Auditory sensation area
The frequency and intensity region of audible sounds is known as auditory sensation area. It is delineated at its bottom by the threshold of hearing and at its top by the threshold of pain. For a given listener, the threshold of hearing is the minimum sound pressure level of a specified sound that is capable evoking an auditory sensation. The sound reaching the ears from other sources, as the bone structure for instance, is assumed to be negligible. The threshold of pain for a given listener is the minimum sound pressure level of a specified sound which will stimulate the ear to a sensation of definite pain.
In the 2 to 4kHz frequency range, where the ear is most sensitive, the dynamic range corresponding to the difference between the threshold of pain and threshold of hearing is approximately 140dB.

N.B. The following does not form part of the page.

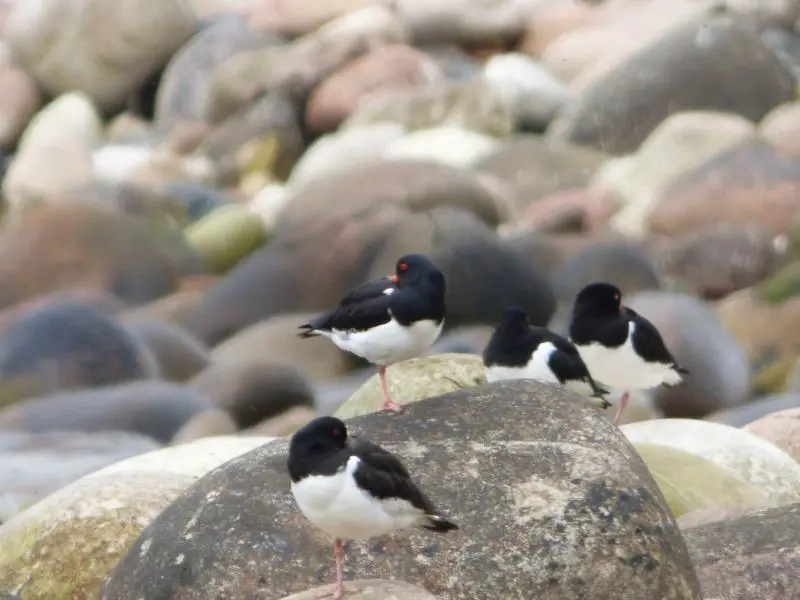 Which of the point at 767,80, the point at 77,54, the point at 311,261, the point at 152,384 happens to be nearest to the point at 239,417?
the point at 152,384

Our hearing normally deteriorates with age: this is know as presbycousis. This evolution is objectivized by a hearing loss, i.e. the amount expressed in decibels by which the threshold of hearing of the impaired ears exceeds the standard threshold of hearing for a specified frequency. Presbycousis is more marked for men than for women: this is explained by different exposures to noise during our lives. It is thus proven that a long exposure to intense noise, at work, for example, accelerates the aging process of our hearing and can cause higher than normal hearing losses. Losses of around 25dB can cause an appreciable degradation in speech intelligibility.
Loudness is the attribute of auditory sensation in terms of which sounds may be ordered on a scale extending from soft to loud. It depends primarily upon the sound pressure of the stimulus, but also upon its frequency, waveform, and duration.
Loudness is characterized by equal-loudness contours (see picture below), showing the related values of sound pressure level and frequency required to cause a given loudness level. The equal-loudness contours depend on the stimulus and on the manner of listening.
More generally speaking, the loudness level of a sound in phons is equal to the sound pressure level of a free progressive wave having a frequency of 1000 Hz presented to otologically normal listeners facing the source that is judged equally as loud as the unknown sound.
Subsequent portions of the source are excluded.